What to produce: Once the line holding "Slide of Finest City Roofing" is found, output it and all remaining lines of the data exactly, with every picture left out.

Short web captions
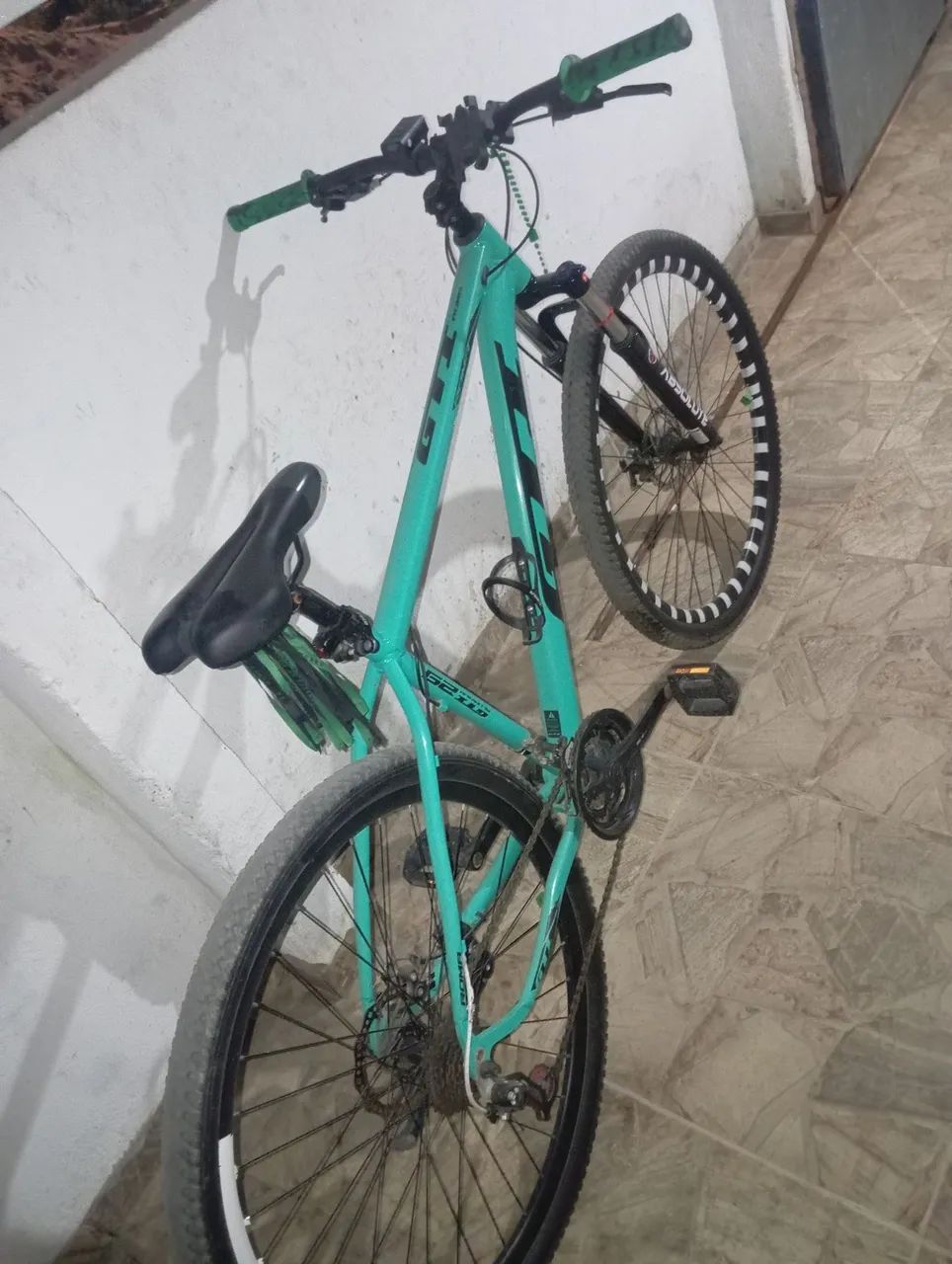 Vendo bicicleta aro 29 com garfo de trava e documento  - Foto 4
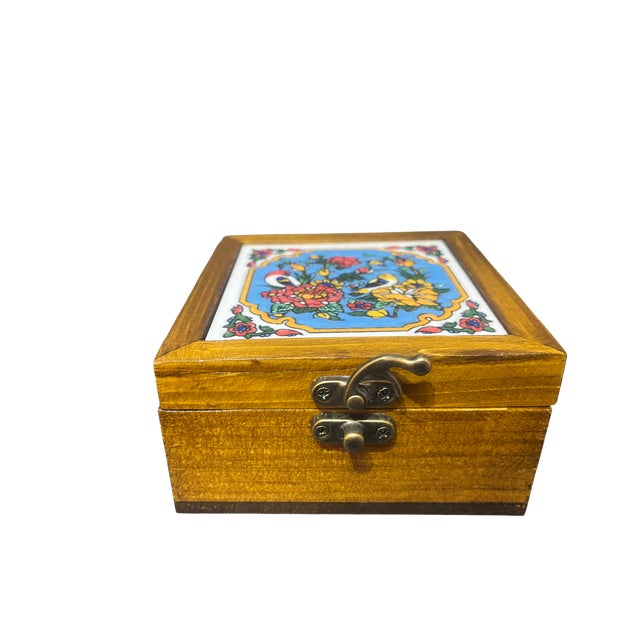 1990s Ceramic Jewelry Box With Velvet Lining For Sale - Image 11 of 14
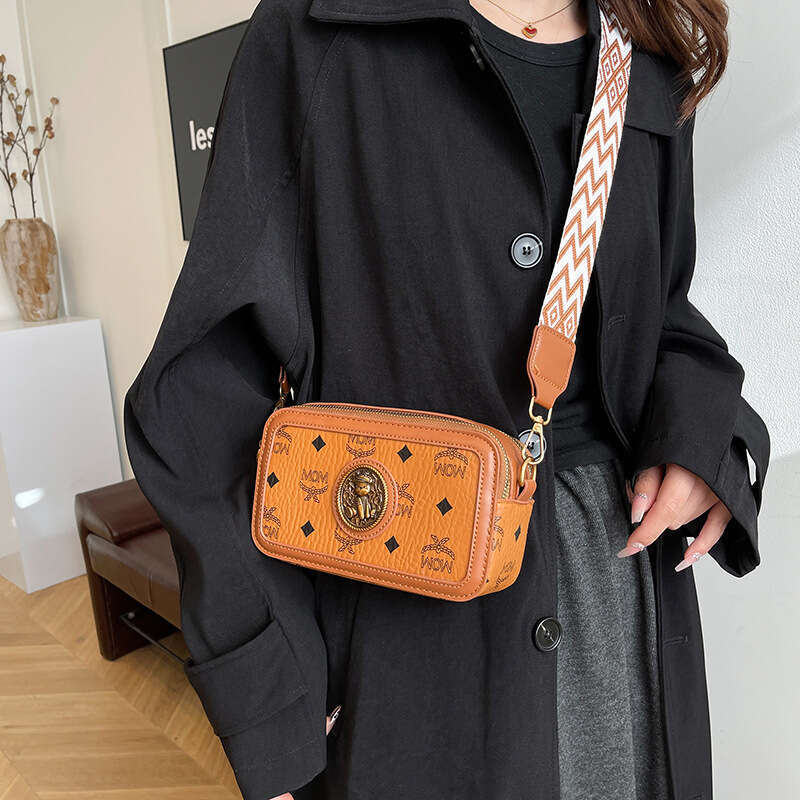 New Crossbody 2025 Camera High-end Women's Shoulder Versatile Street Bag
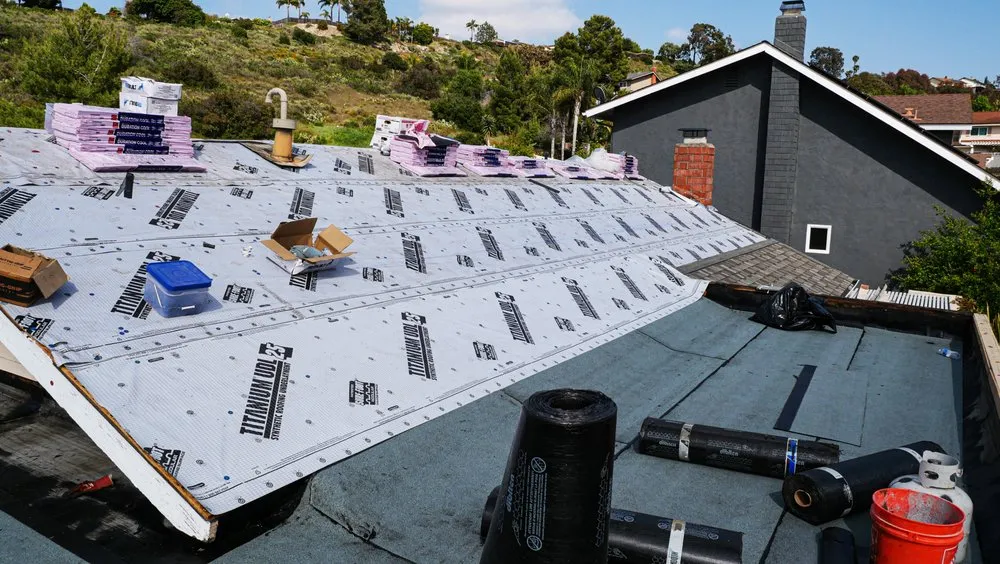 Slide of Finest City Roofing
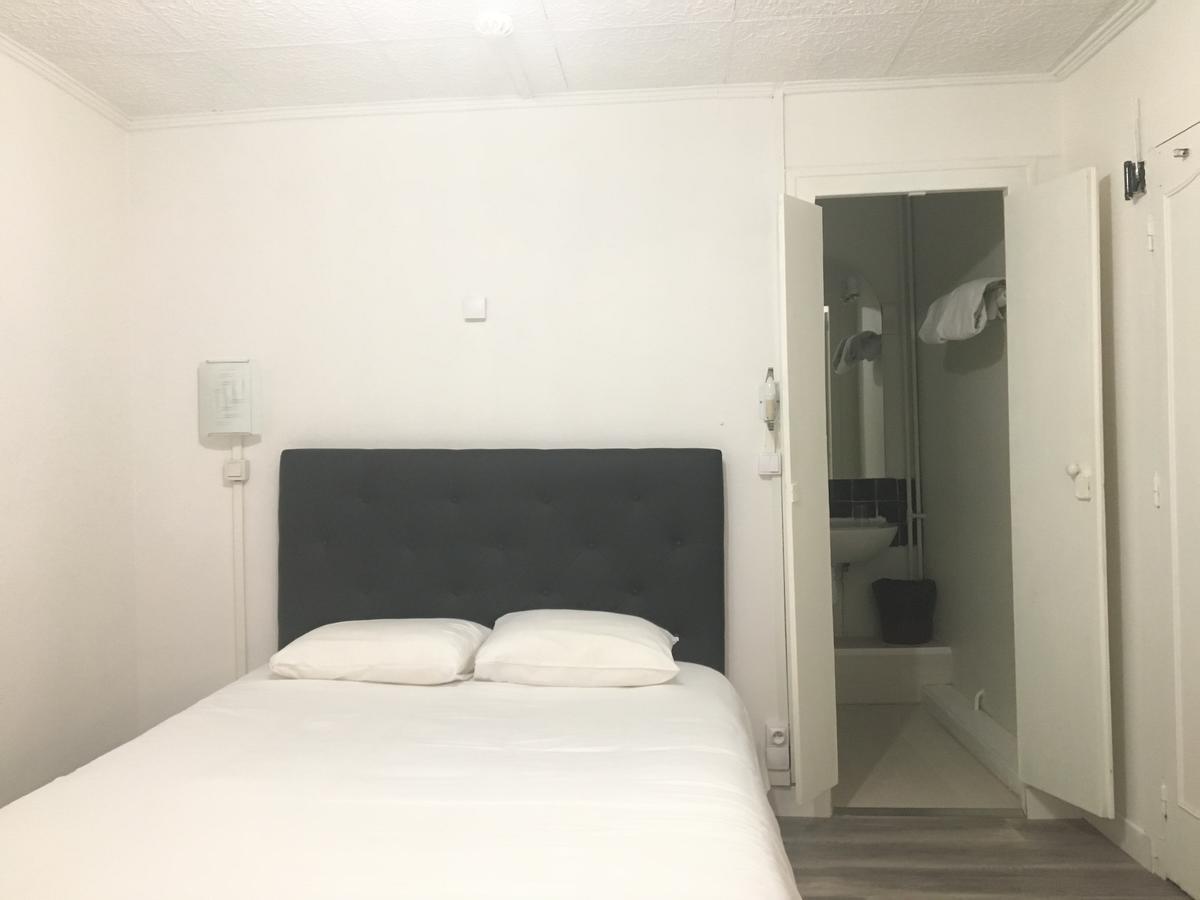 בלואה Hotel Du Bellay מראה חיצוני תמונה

Written solution:
 Slide of Finest City Roofing
 בלואה Hotel Du Bellay מראה חיצוני תמונה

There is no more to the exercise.